● **Problem description**
Exactly and only the lines from the line holding "Ease of Living" to the end of the records should be reproduced. Leave pictures out.

● **Listed entries**
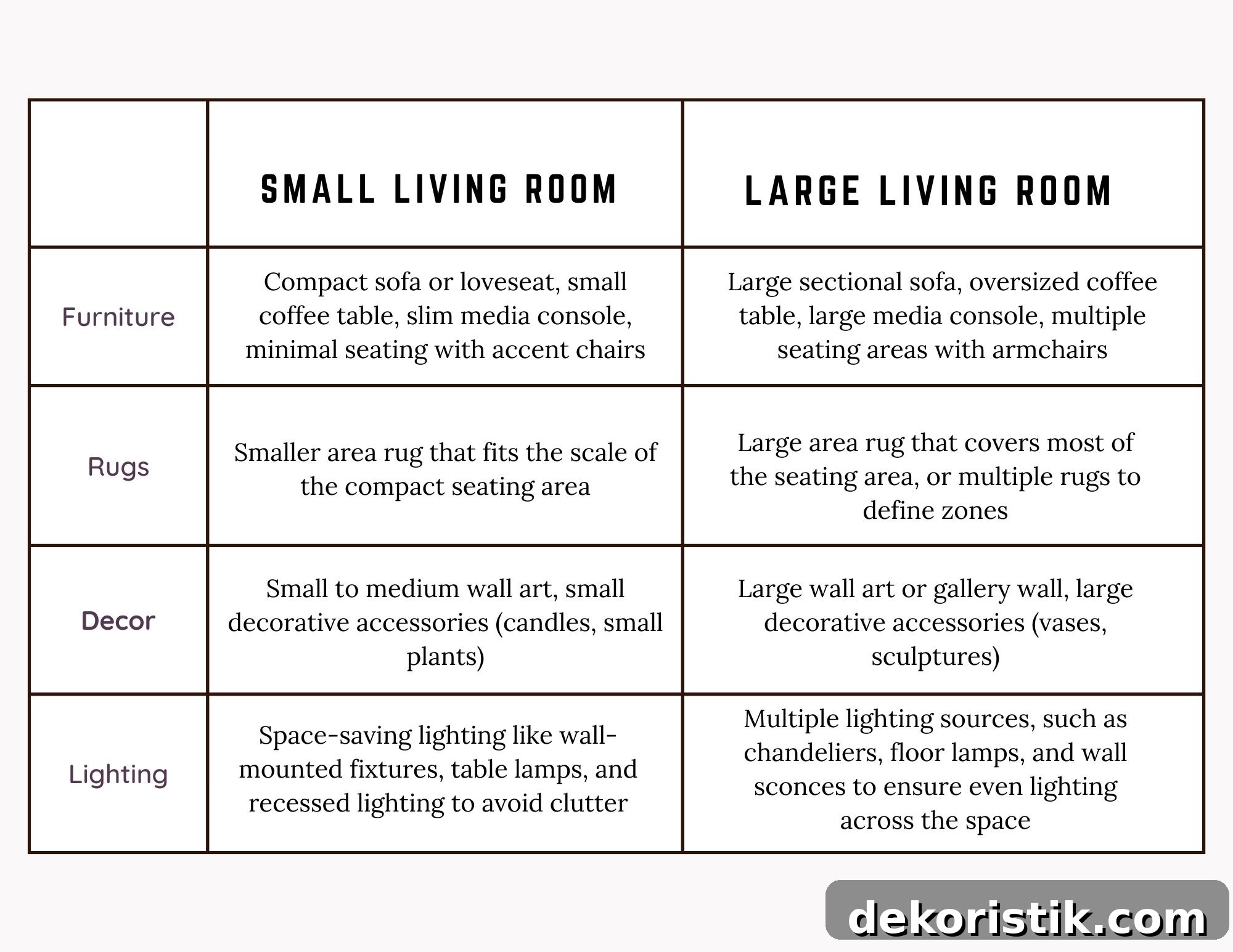 graphic chart with scale and proportion of furniture and decor sizes for a small or large living room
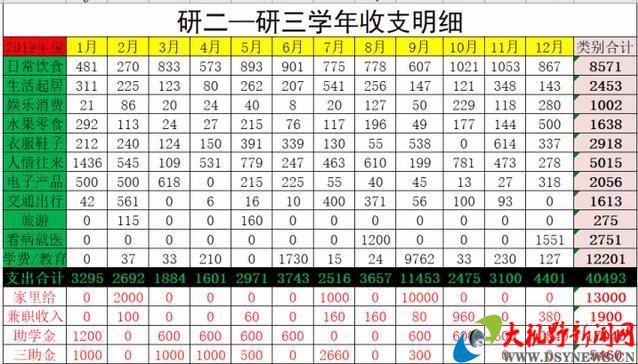 原創大學生用實力證明了支付寶賬單的虛胖想說他不優秀都難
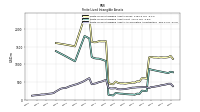 Finite Lived Intangible Assets Accumulated Amortization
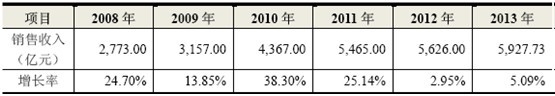 2008-2013 年我國(guó)工程機(jī)械行業(yè)收入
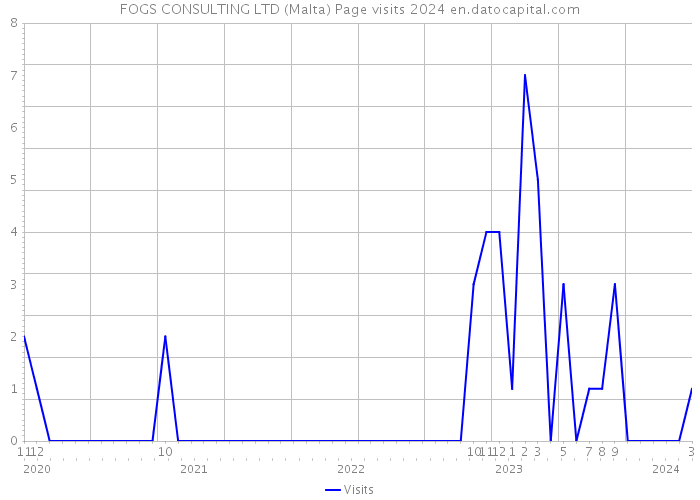 FOGS CONSULTING LTD (Malta) Page visits 2024 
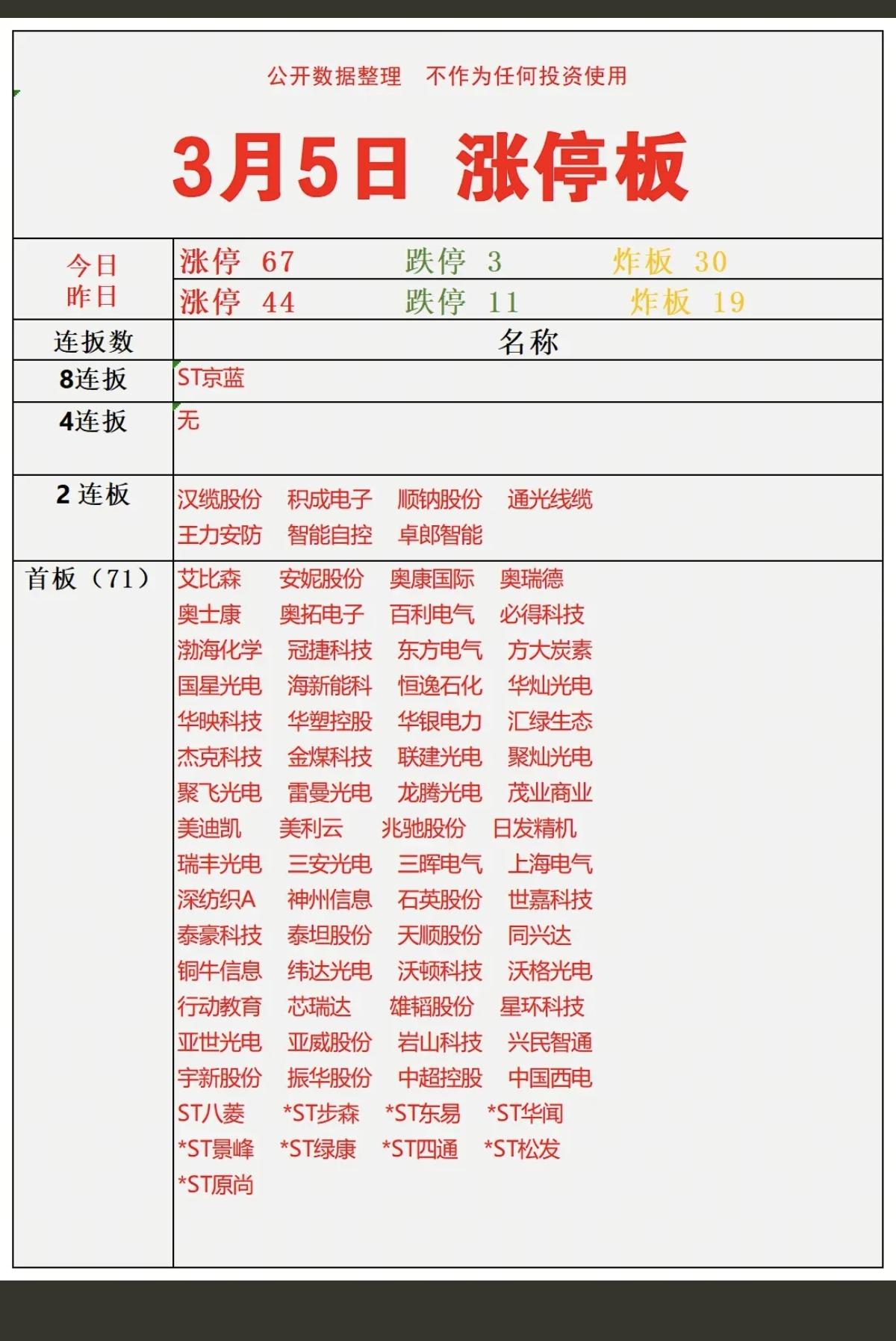 3.5周四   涨停板股票：连板高度+复盘！

二连板  顺钠股份 积成电子 汉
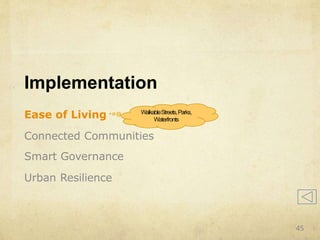 Implementation
Ease of Living
Connected Communities
Smart Governance
Urban Resilience
WalkableStreets,Parks,
Waterfronts
45
 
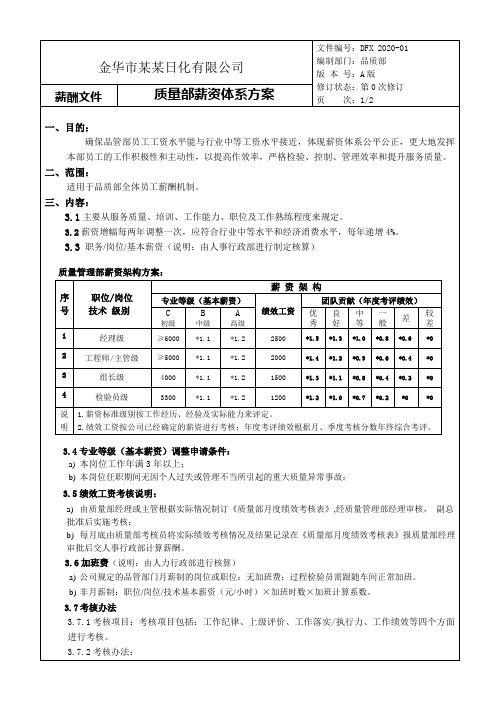 品质部薪资方案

● **Output below**
Ease of Living
Connected Communities
Smart Governance
Urban Resilience
WalkableStreets,Parks,
Waterfronts
45
 
 品质部薪资方案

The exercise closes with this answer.